Is action at a distance possible as envisaged by the EPR Paradox.

[DrChinese]

If you reread the post where I introduced this you'll see that I wasn't talking about SPDC photons.

The counter-propagating photons emitted by the same atom in my example are always entangled in polarization due to conservation of angular momentum. This entanglement means that members of an entangled pair are polarized identically. However, the value of L, the polarization angle of any given pair, is varying randomly.

Sorry, you are making an important mistake here. Yes, it is true that the photons you describe from the atom are entangled. However, the model you describe is NOT the same. Instead, it matches the PDC polarization unentangled situation I described above. You cannot say your model works if you apply it to the wrong situation.
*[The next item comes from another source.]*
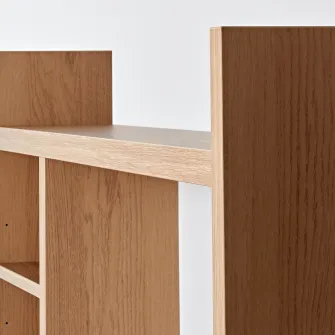 IKEA MICKE Unitate suplimentara inalta, aspect stejar, 105x65 cm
There is a GIANT different in Entangled State stats and Product State stats. Your example - where there is a definite polarization L - only matches the Product State situation. This is a very important distinction and you need to understand this. It is probably the reason you have had trouble seeing some of the arguments we have provided in the past.

 

[ThomasT]

Why did you apply Malus Law?

Wrt each trial, two identically polarized optical disturbances are being analyzed by crossed linear polarizers.

Why is Malus Law applied in the QM treatment?

 

[DrChinese]

Not by fiat. Malus Law is applied and the angular difference is simply rendered in terms of the hidden variable.

As RUTA is also trying to tell you: Application of Malus as you are trying will NOT yield Entangled State stats. Please note that it is true that Malus is a cos^2 function, and so are the Entangled State statistics. But how you apply these are different for different experimental situations.

a) Application of Malus to (A-L) and (B-L) does NOT lead to Malus for (A-B) as you imagine. It leads to different stats, as I have already told you.

b) The reason you apply Malus to entangled pairs is because of the superposition of states: HH> + VV>. When you then apply rotation to the superposition, rotating by some A or B, you end up with an expression that simplifies to cos^2(A-B).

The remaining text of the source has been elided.